Access to information laws are far and far between in Africa, with only six countries in Africa having dedicated access to information legislation - South Africa, Uganda, Angola, Ethiopia, Liberia and Nigeria. Despite a number of initiatives in recent years, including a Draft Model Law on ATI in Africa, there has not been much change.
The two papers produced by the ANCL discuss access to information in an environment where such is not directly legislated. The executive summaries of the papers are below and the papers are attached to this blog.
Access to Information in Kenya
This paper examines the issue of access to information within the Kenyan context. Drawing on fieldwork, it evaluates challenges facing the right to receive information.. The study demonstrates that the public faces several difficulties in the quest to enjoy this fundamental right. This work makes specific legal and policy recommendations that could alleviate these challenges.
Access to Information in Zimbabwe
Access to Information is by no means an end in itself, rather it is a means through which communities and individuals alike obtain knowledge of the rights that accrue to them and demand their fulfilment. Further, it is a tool for enhancing citizen engagement and participation in their governance, attaining mass-based empowerment and local level poverty reduction as well as building the organisational capacity of local communities by building a critical mass for the demand of accountability and realisation of other fundamental human rights.
Yet, the centrality of information to maintaining political power in countries such as Zimbabwe mean that access to information is sternly restricted. The culture of secrecy prevalent in most government departments suggest that access to information is not seen as a right but a privilege that government officials dispense at will. To maintain that secrecy, legislation such as the Access to Information and Privacy Protection Act widely limit the information accessible to the public while other legislation like the Public Order and Security Act effectively control dissemination of any information to the public by restricting public gatherings.
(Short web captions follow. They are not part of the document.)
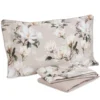 Completo Letto Raso di cotone Lavinia Beige Matrimoniale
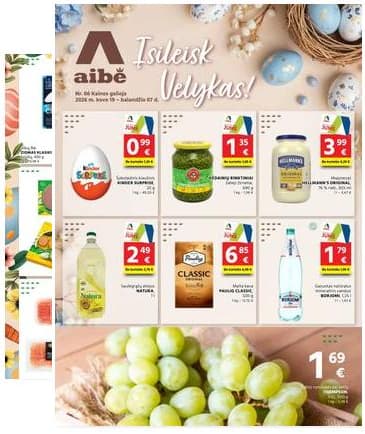 Aibė - AIBĖ Akcijų leidinys Nr. 06 (2026.03.19 - 2026.04.07) 2026-03-19 – 2026-04-07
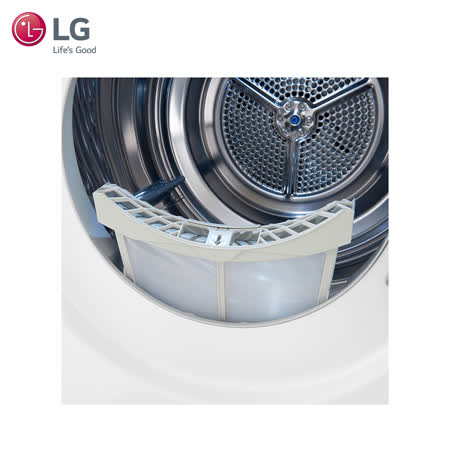 【LG 樂金】9公斤◆WiFi變頻免曬衣乾衣機◆冰磁白(WR-90VW) 含基本安裝 送好禮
Based on focus group discussions and interviews conducted, it was noted that people in Zimbabwe are generally unaware of their right to access information and the procedure of requesting information from government departments; on the other hand, it was revealed that the media has dominated the campaign for access to information thereby erroneously sending a message that access to information is only for media practitioners. The effect has been the lack of nationalisation of the access to information campaign. As a result, it has been recommended that civic education to raise the public’s awareness of the right of access to information is essential while at the same time the government is lobbied to implement a proactive information disclosure policy for all its departments. Meanwhile, the current legislative framework could be transformed through the current constitution-making process which provides an indelible opportunity for reform of access to information laws and a constitutionally guaranteed right of access to information.